Interaction with deposit return schemes is clarified. Packaging is exempt where it is, or would be but for a low‑volume line exemption, a deposit item under a relevant scheme. A low‑volume line exemption is defined by reference to thresholds in the scheme’s regulations. “Marine installation” is also defined for the exemptions regime. This aims to prevent double charging where deposit systems already apply.

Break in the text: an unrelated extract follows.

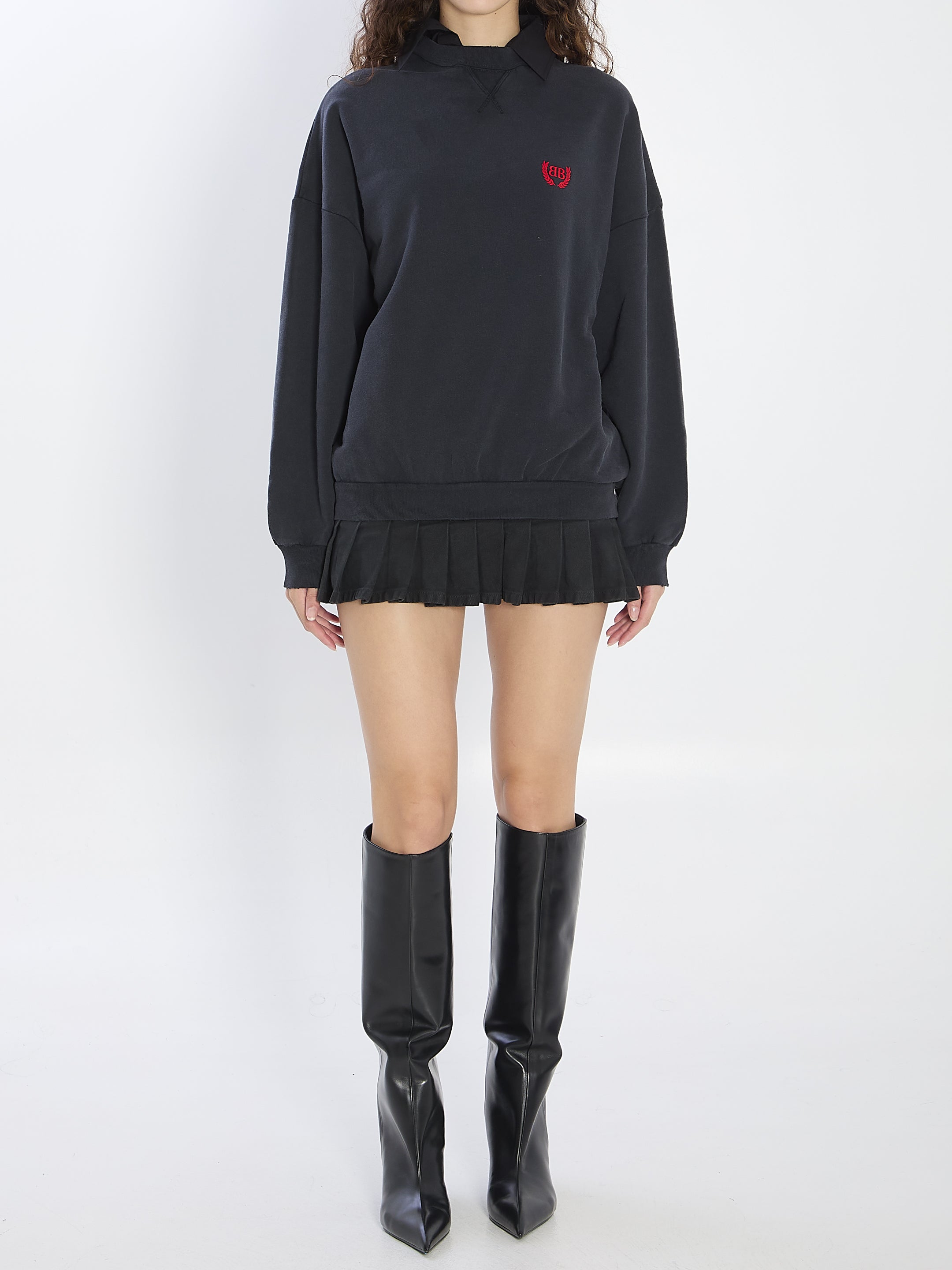 BALENCIAGA 01 mini dress in cotton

Charities are no longer wholly excluded from the 2024 regime. Instead, they are excluded from producer responsibility obligations and the annual disposal and administration fees. However, the transitional schedule confirms that charities operating as reprocessors or exporters must register from 1 January 2027 (applications open from 1 October 2026), and related offences and civil sanctions do not apply to charities until that date.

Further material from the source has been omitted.